Snack and food storage bags and plastic food wrap are not new. Fold-over and easy-seal plastic snack and storage bags come in a variety of sizes, convenient for keeping a sandwich fresh or for holding a bag of chips for lunch. They are easy to work with, can be used to store anything from warm cookies to a bunch of cold grapes, and they are generally reusable (although we typically toss them when we are done with whatever food was inside). Other food storage bags can be vacuum sealed via a special appliance, or simply closed with twist tie
Unfortunately, snack and food storage bags are not that useful when we want to cover a bowl of cut-up fruit or a chunk of cake or the leftovers in a casserole dish. Whether it's because the casserole contains liquid or we just want to keep it in the dish for ease of reheating. Perhaps the dish is simply too clumsy to handle or we are too busy to transfer it out of the dish. Snack and food storage bags, even one-gallon size, do not solve all of our food preservation issues.

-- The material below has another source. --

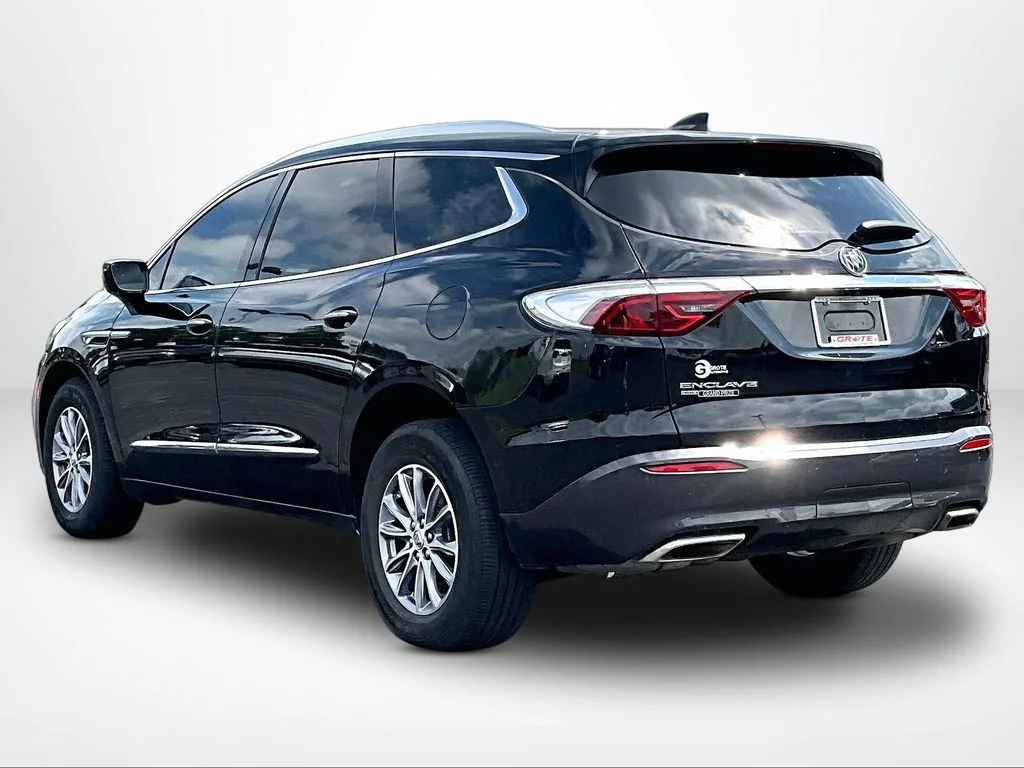 Used 2023 Black Buick Essence image 12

Lidded glass and rigid plastic containers are another useful option. They are washable, reusable, and come in a variety of sizes to hold just the right amount of leftovers. However, because there are two matching parts to keep, it can become increasingly difficult if not eventually impossible to find the right lid. Sometimes the lid has permanently gone missing or the drawer where all of the storage containers are kept is a mess of mismatched bottoms and tops. It is difficult to get the right size and shape match. And let alone having limited room to conveniently store all these containers, some people just do not want to have to clean more containers—often choosing to not transfer leftovers to a new container or containers.
Aluminum foil is yet another solution. You can dispense exactly the amount you need, mold it around openings of any shape, and it is recyclable. However, you cannot see through it to know what it covers, not without removing it. Nor does it cling, leaving gaps where air seeps in and the foil slides in place. A casserole dish covered with aluminum foil is likely to allow its aroma to blend and permeate with all the other food in the refrigerator. For these reasons, aluminum foil is generally better for wrapping separate small food items completely, and for use as a tent when reheating a casserole or as a make-shift pan, such as for warming bread in the oven. This leaves plastic food wrap.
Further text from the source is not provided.